As shown in Fig. 2, TNF-ko mice were more susceptible to corneal challenge with HSV-1 than were the control animals. The differences between the TNF-ko and B6 groups inoculated with 1x106 p.f.u. per eye (P=0·0015; Mantel–Cox log-rank test), and between the TNF-ko and B6 groups inoculated with 5x105 p.f.u. per eye (P=0·015; Fisher's exact test), were significant.

Since TNF plays a central role in innate immunity, the control of virus propagation at the primary entry site would be impaired in TNF-ko mice. Hence, we determined the infectious virus spread and propagation in the eyes, TG, and the brain during the primary phase of corneal infection. A group of three TNF-ko and three control B6 mice that had been inoculated with 5x105 p.f.u. of HSV-1 per eye was sacrificed each day on days 1, 3, 5, 8, 11 and 14 after inoculation.
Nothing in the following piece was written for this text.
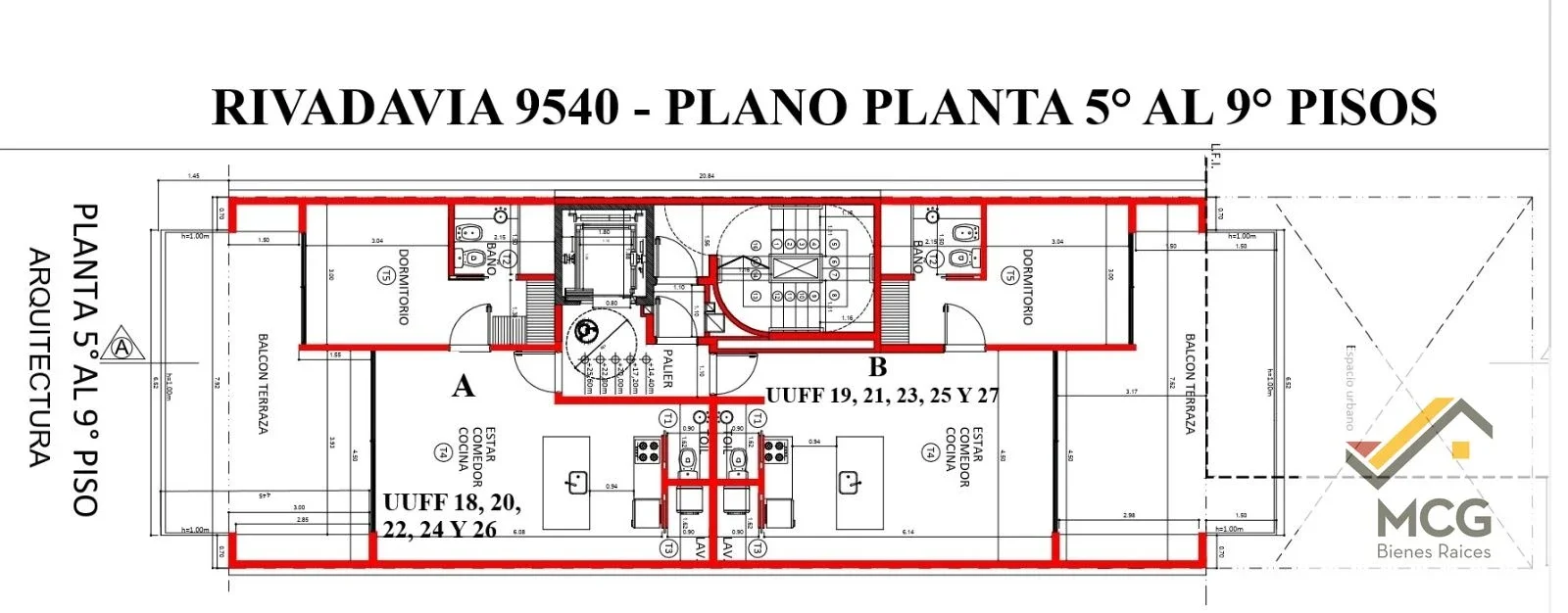 Departamento en venta en Villa Luro en Pozo - Posibilidad de pago en Pesos!!!!! - Imagen 4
Eyes, TG and the brain of each mouse, as well as the liver, spleen, and the adrenal glands, were aseptically removed and assayed for infectious virus titres (Minagawa et al., 1997). As expected, infectious HSV-1 in the inoculated eyes (Fig. 3A) and in the TG (Fig. 3B) had higher titres and was detected for a more prolonged period in the TNF-ko group than in the control group. The brain from one TNF-ko mouse sacrificed 8 days after inoculation, was found to be positive for HSV-1 (10 p.f.u.). Infectious HSV-1 was not detected in any of the other brains tested. We did not detect any infectious HSV-1 in any of the organs mentioned below: the eyes, TG and the brain from TNF-ko mice or from control animals sacrificed 21 days after inoculation; the spleen, liver and adrenal glands from those TNF-ko mice that were found to be HSV-1-positive in the eyes and/or TG (i.e. those shown in Fig. 3). The course of recovery from primary acute HSV-1 infection in the TNF-ko mice that survived did not differ greatly from that seen among the control mice.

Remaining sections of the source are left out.